----- PROVIDED RECORDS -----

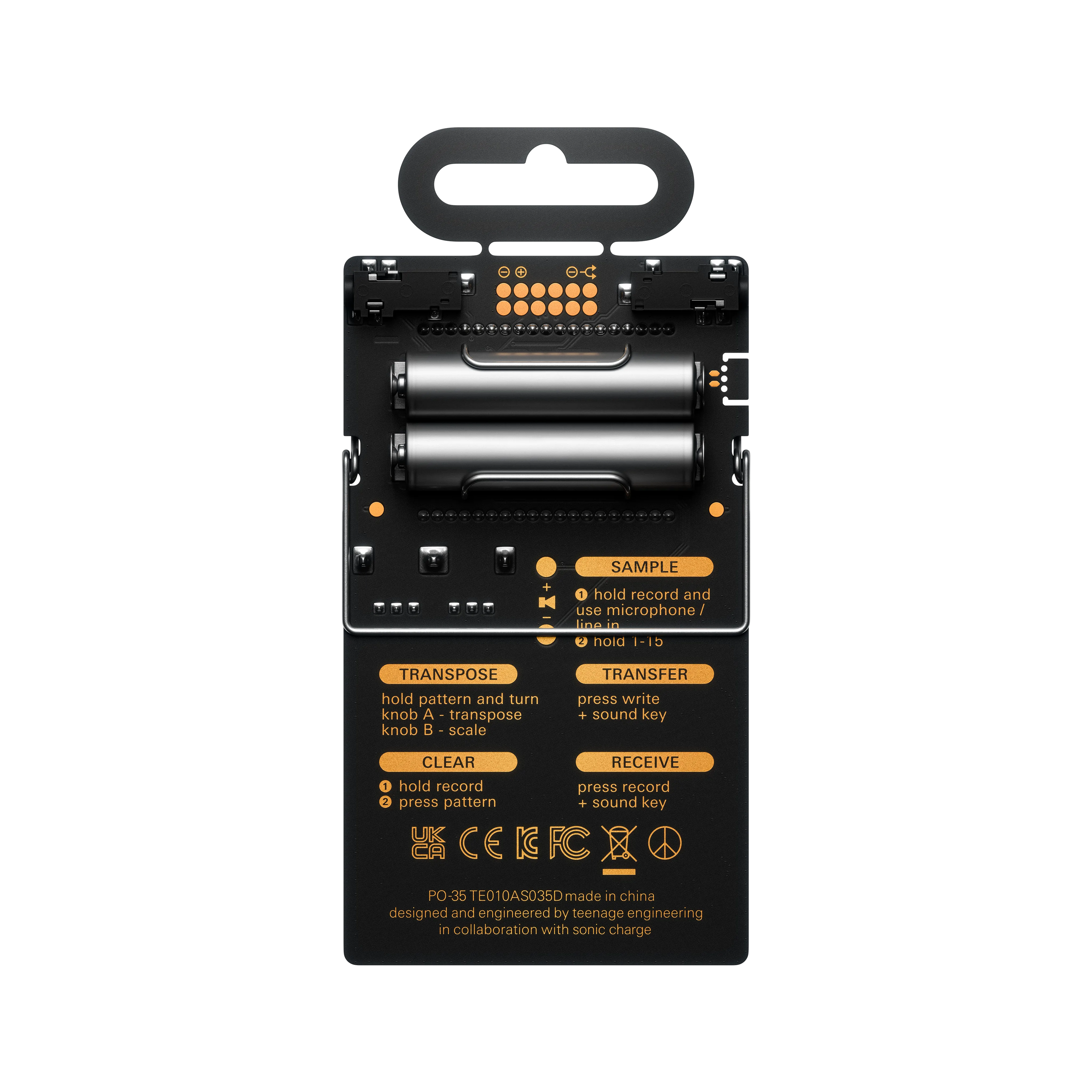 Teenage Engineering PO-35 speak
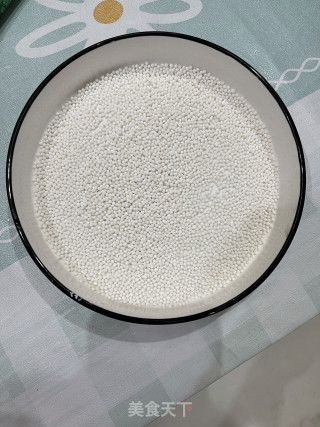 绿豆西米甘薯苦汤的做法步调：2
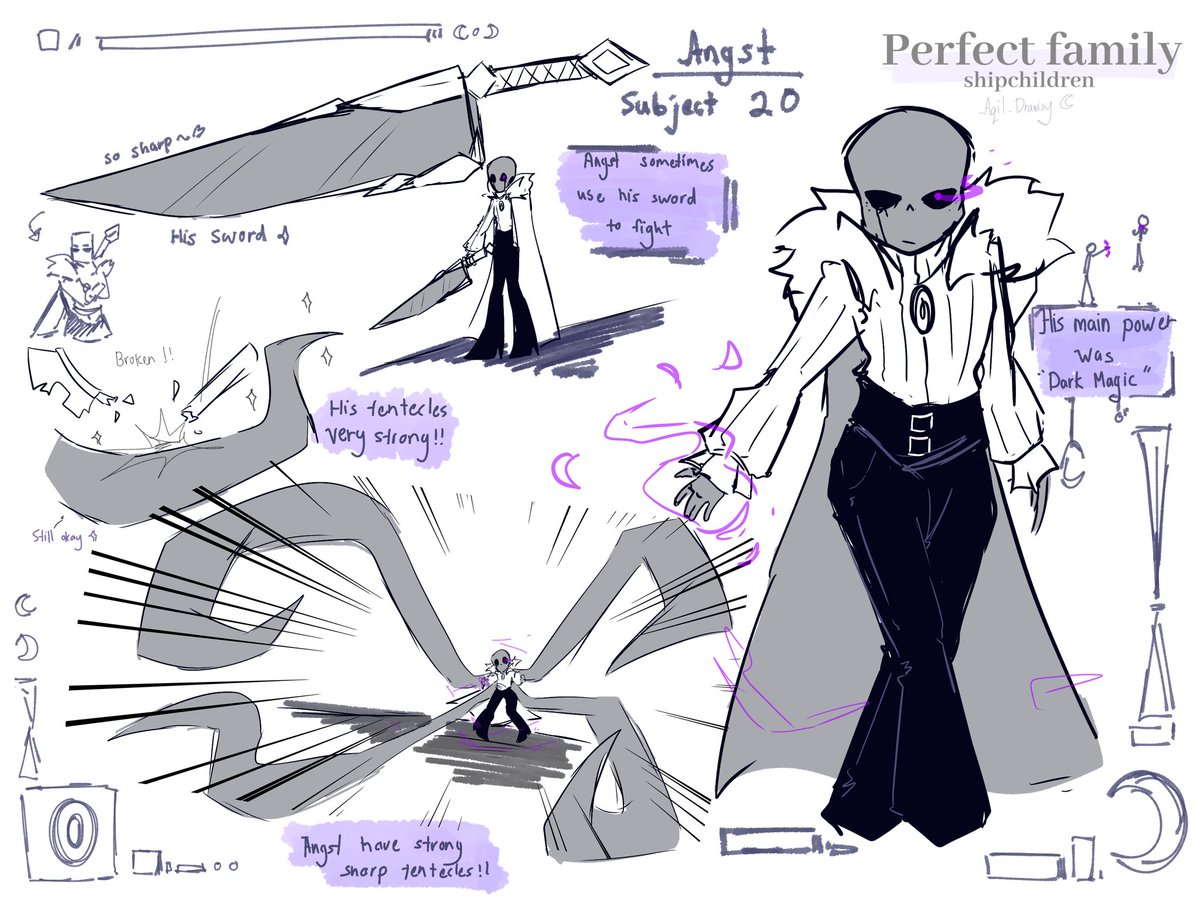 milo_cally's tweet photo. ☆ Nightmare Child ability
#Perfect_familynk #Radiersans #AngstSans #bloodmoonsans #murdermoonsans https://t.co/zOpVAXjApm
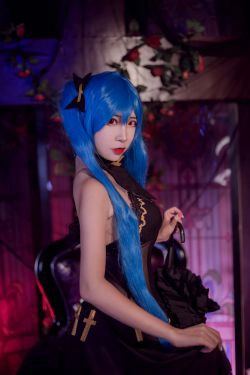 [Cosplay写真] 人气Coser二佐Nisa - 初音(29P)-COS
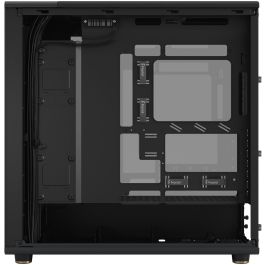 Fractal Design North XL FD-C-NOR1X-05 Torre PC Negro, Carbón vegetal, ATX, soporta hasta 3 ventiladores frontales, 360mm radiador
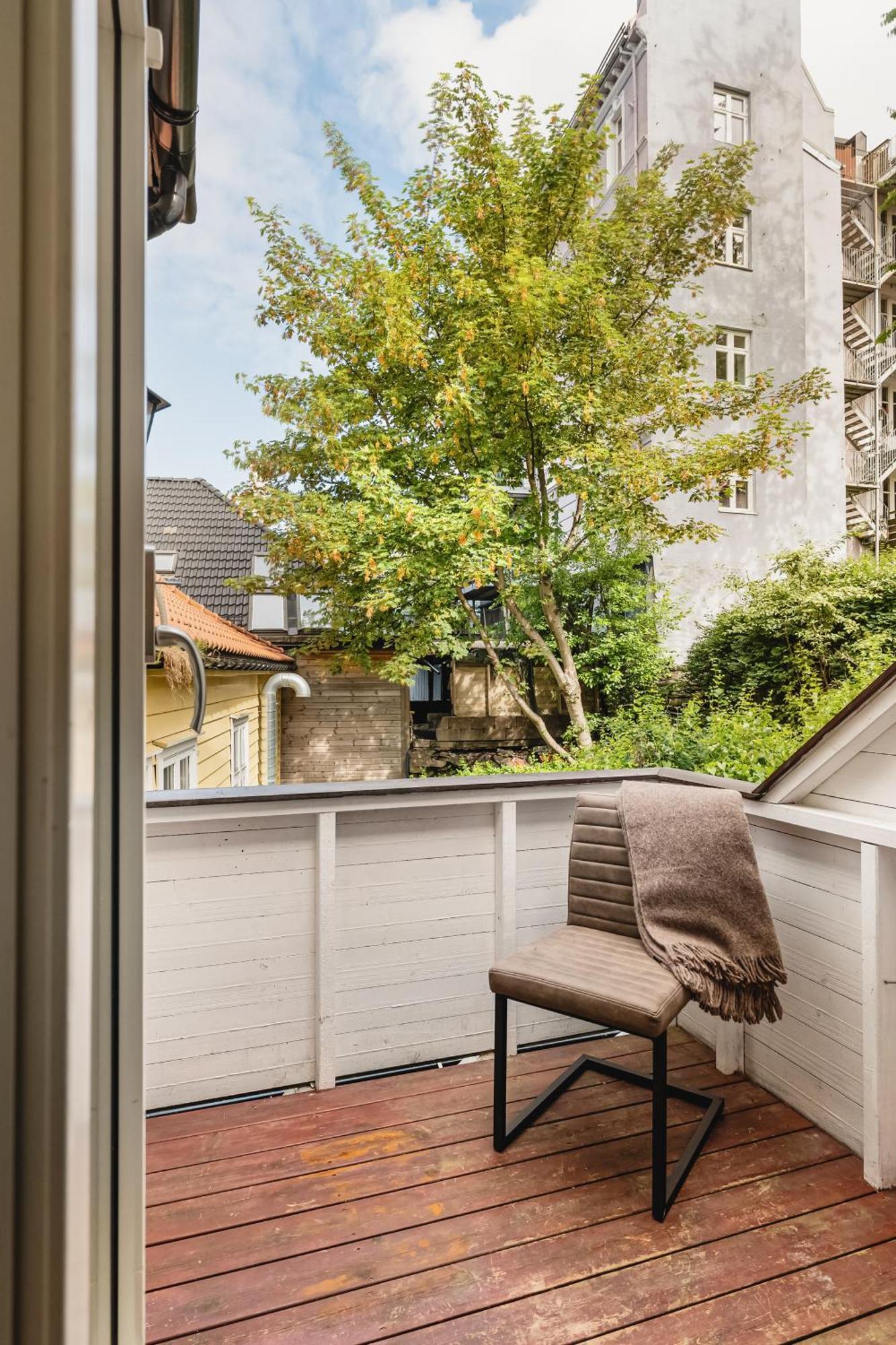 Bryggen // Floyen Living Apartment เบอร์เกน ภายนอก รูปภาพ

-----

- _YOUR ASSIGNMENT_
The required output is the lines from the one containing "Fractal Design North" through the end of the records above, reproduced exactly, with no pictures.

- _RESULT OF THE TASK_
 Fractal Design North XL FD-C-NOR1X-05 Torre PC Negro, Carbón vegetal, ATX, soporta hasta 3 ventiladores frontales, 360mm radiador
 Bryggen // Floyen Living Apartment เบอร์เกน ภายนอก รูปภาพ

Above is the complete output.